Available data
☆ ☆ ☆

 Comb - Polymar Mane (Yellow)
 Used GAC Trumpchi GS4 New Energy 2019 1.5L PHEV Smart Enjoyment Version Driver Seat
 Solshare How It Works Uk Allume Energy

☆ ☆ ☆

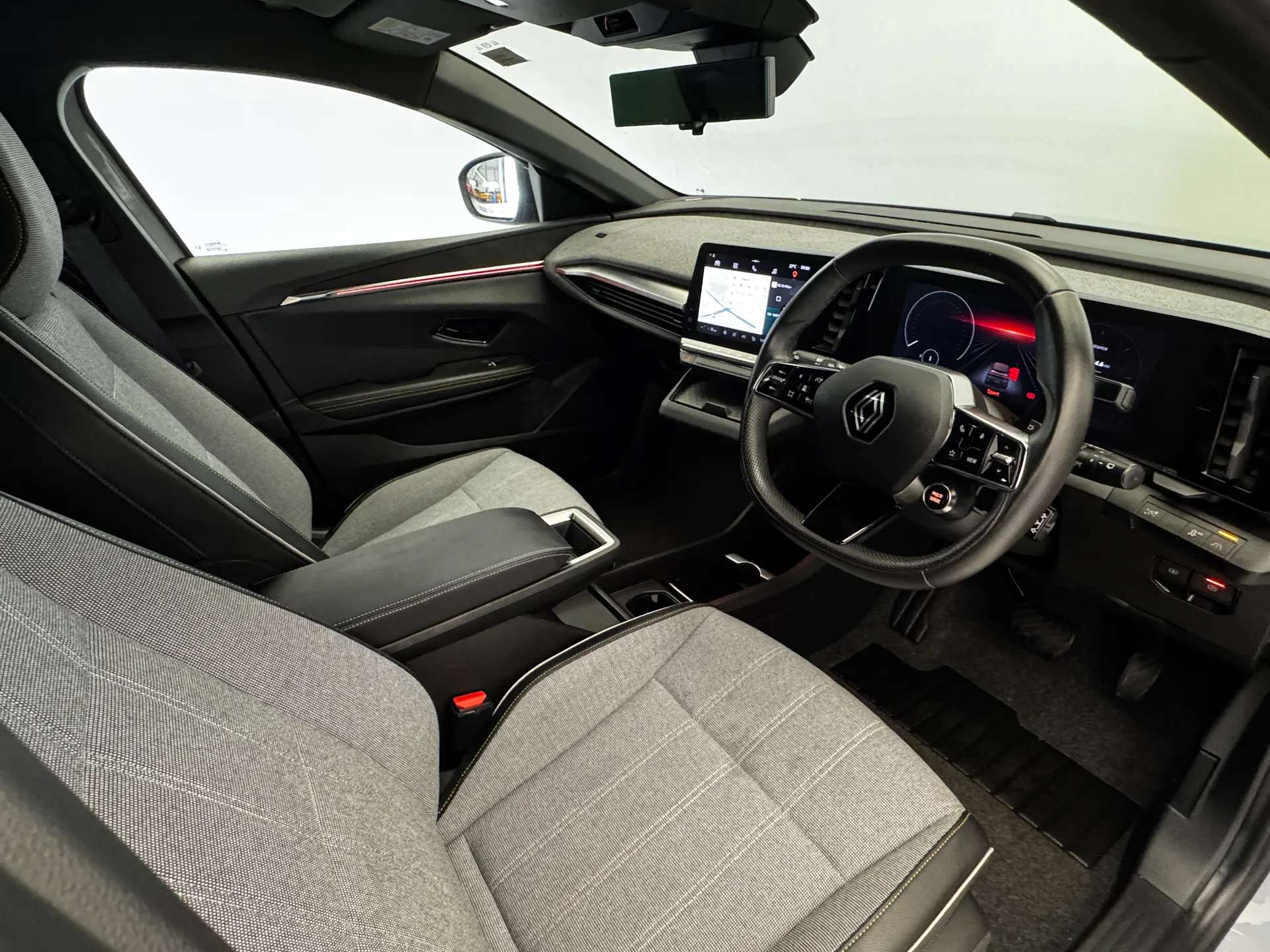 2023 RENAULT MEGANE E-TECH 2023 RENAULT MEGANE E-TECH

☆ ☆ ☆

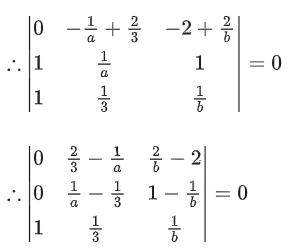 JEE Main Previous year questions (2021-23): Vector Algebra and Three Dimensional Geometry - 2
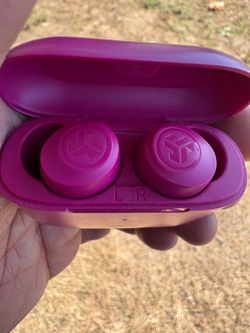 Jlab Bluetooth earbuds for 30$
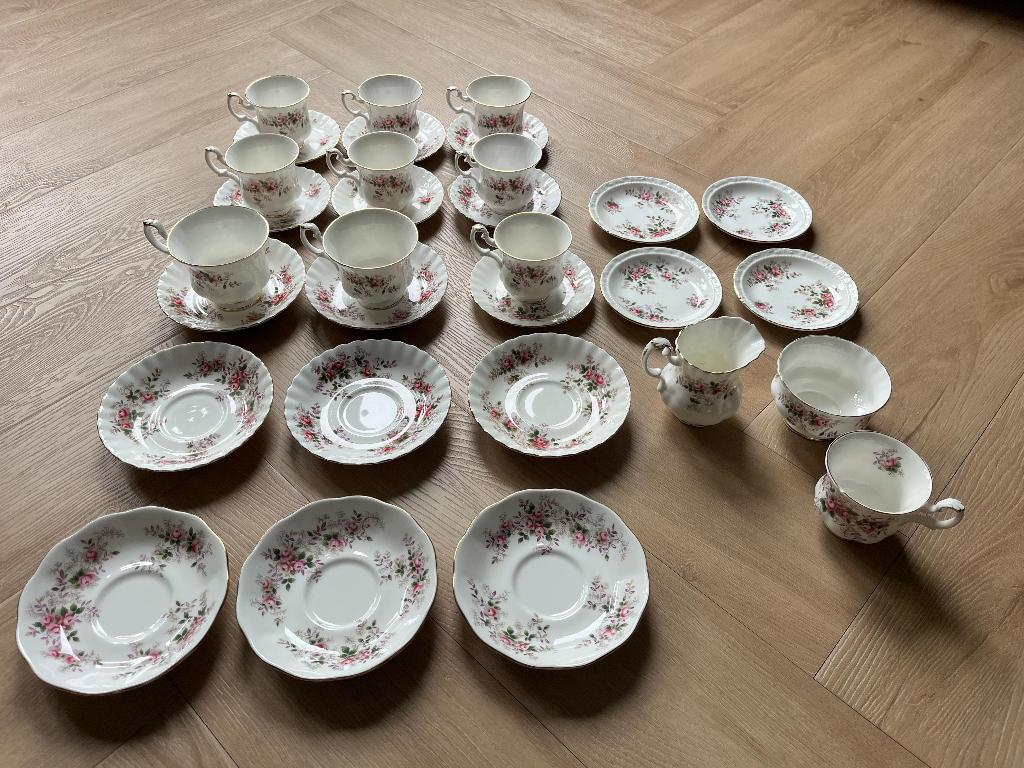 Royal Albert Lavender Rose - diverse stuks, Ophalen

☆ ☆ ☆

Exercise
Set down again, word for word, every line from the one with "JEE Main Previous" to the one with "Royal Albert Lavender" in the entries above, and omit the pictures.

Written reply
 JEE Main Previous year questions (2021-23): Vector Algebra and Three Dimensional Geometry - 2
 Jlab Bluetooth earbuds for 30$
 Royal Albert Lavender Rose - diverse stuks, Ophalen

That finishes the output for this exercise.